7月12日の朝日新聞デジタルに『「もう百科事典はつくれない」元編集者が考えるネット社会の未来』という記事がアップされた。平凡社で、事典編集に長年携わった斎藤文雄氏(77)のインタビュー記事だ。
平凡社の『世界大百科事典』の最新版が最後に刊行されたのが2007年。すでに平凡社では百科事典の編集部すらないという。
百科事典が出せなくなった理由はじつにシンプル。作っても売れないからだ。
以下、斎藤氏の話。
《世界大百科事典の項目数は約9万に上り、筆者は7千人にもなります。何と言っても信頼性が大事ですから、筆者はいずれも各界の第一人者や学界の新進気鋭の学者らを選びます。
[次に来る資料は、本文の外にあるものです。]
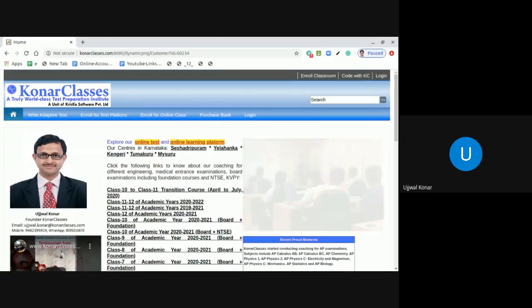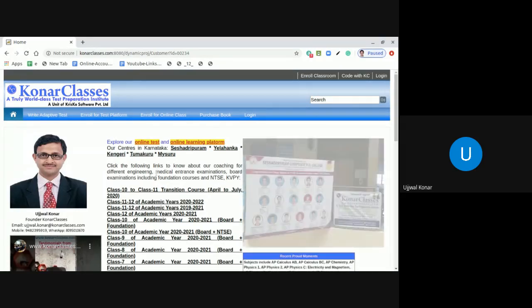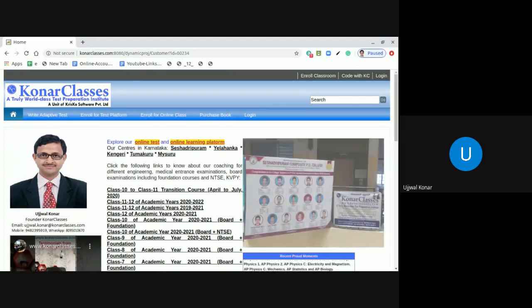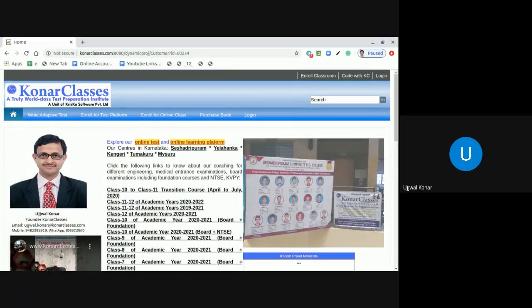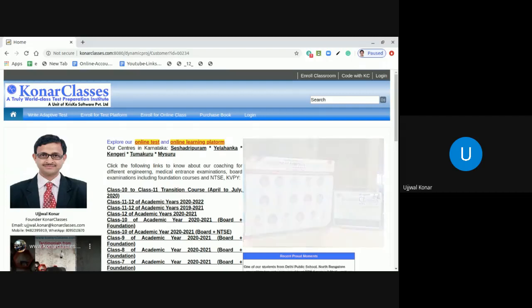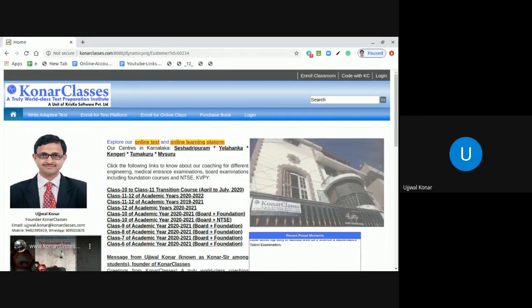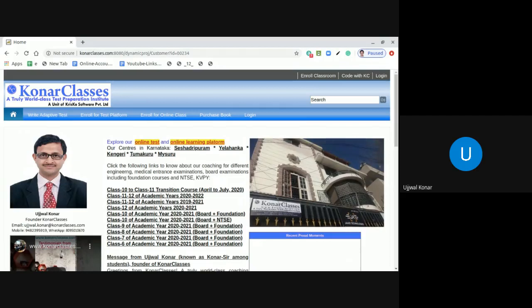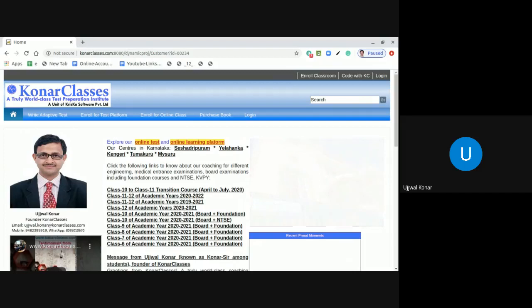In this live video demonstration, I am going to show you how you can change your password upon first login to the online test platform and learning platform at www.konarclasses.com from your laptop or desktop.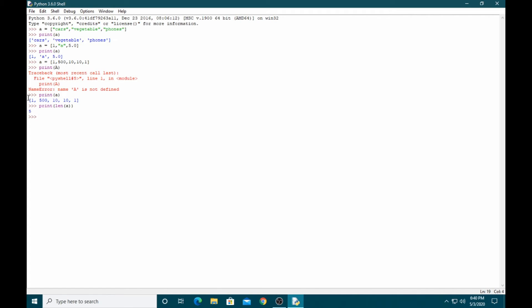When you check the length, you count starting from one: one, two, three, four, five. But when you want the position of an element, you start from zero: zero, one, two, three, four. Arrays always start at zero for element positions. For example, the element at position zero is at the first spot — you can see 500 is at position one.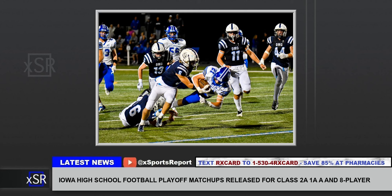In each class, 32 teams punched their ticket to the playoffs. In classes 2A, 1A, and A, each district champion, runner-up, third-place team, and fourth-place team make the field. In round 1, a fourth-placed team will travel to face a district champion, while a third-placed team will face a second-placed team.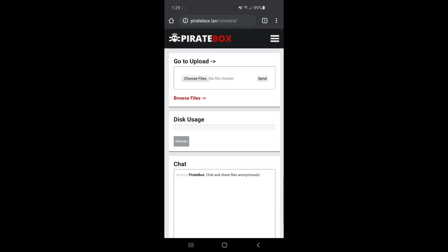And here you can see the main screen. This basically gives you the file upload option as well as disk usage. For some reason though, I've never gotten that to work properly. So it's something wrong with the software. And then down below, you can see the chat where you can communicate with other people connected to the same PirateBox.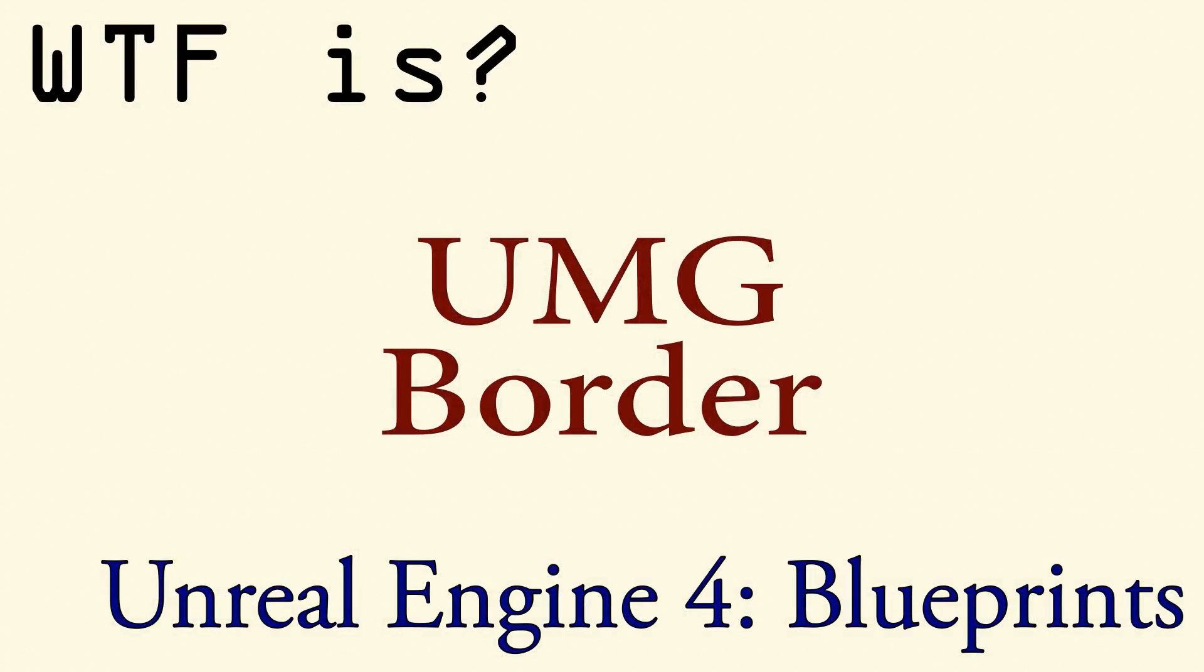If you'd like to have more information regarding this, please check the video for how do I use the UMG border.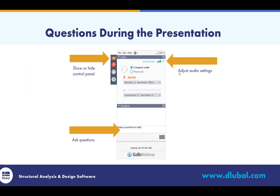If the control panel gets in your way when you log into GoToWebinar, feel free to show or hide it with the orange arrow at the top. We encourage everyone to ask questions throughout the presentation within this same dialog box. If we don't get to all your questions, I will certainly send you a follow-up email afterwards.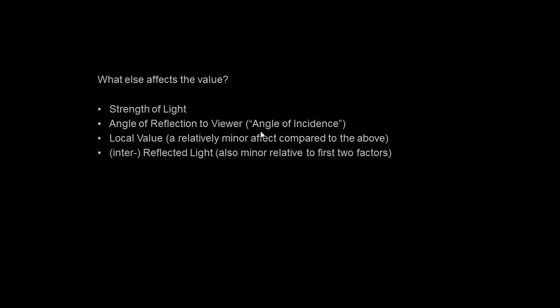People tend to think the local value is very important. Local value is just a way of saying grass is green, fire engines are red, the sky is blue. That's local color. Local value is the same thing: coal is black and snow is white. But it's a lot more complex than that. Local value has an effect, but it's not as important as you think. Also, reflected light is something that we tend to focus on and overemphasize, and it's not that important. I refer to it here as inter-reflected light because technically all light you see is reflected light.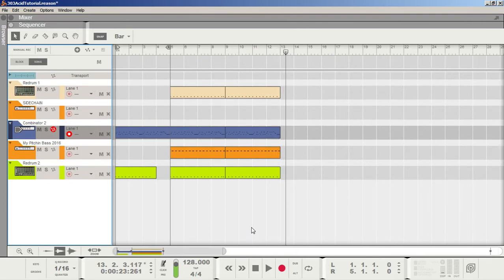Hello everyone, my name is Andrew Bond-Boscher, and today I want to show you guys how to make a steezy 303 acid sound using Thor's synthesizer in Reason. The track that you just heard was something I just made for the tutorial real quick, but I want to show you guys how to make this sound from scratch. So let's get started.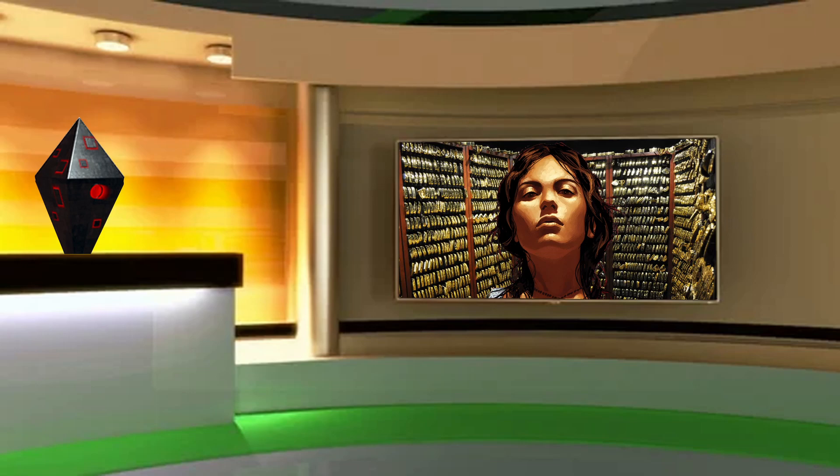Horizon Zero Dawn habe ich zumindest bis Folge 57 vorrätig und kann damit noch eine Weile weiterlaufen.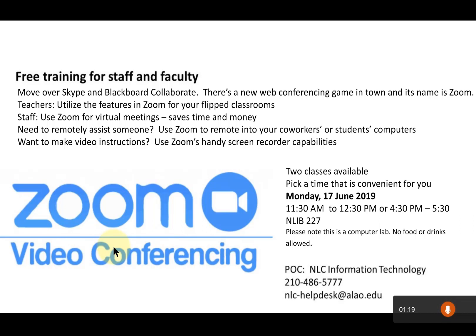Saves time and money. Need to remotely assist someone? Use Zoom to remote into your computers or students' computers. Want to make video transactions? Use Zoom Handy Screen Recorder Capabilities. And now that's my last slide.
原稿料だけでも膨大です。こうした先行投資を売り上げで回収するわけですが、出版物で回収するのは今や不可能です。電子版もあるとはいえ、ネット展開でそこまで稼げない。最大手の出版社でも、紙の百科事典はもう出せないと思います。》
《百科事典が売れてビジネスモデルとして成立していた高度経済成長期が、むしろ例外的だったと言った方がよいかもしれません。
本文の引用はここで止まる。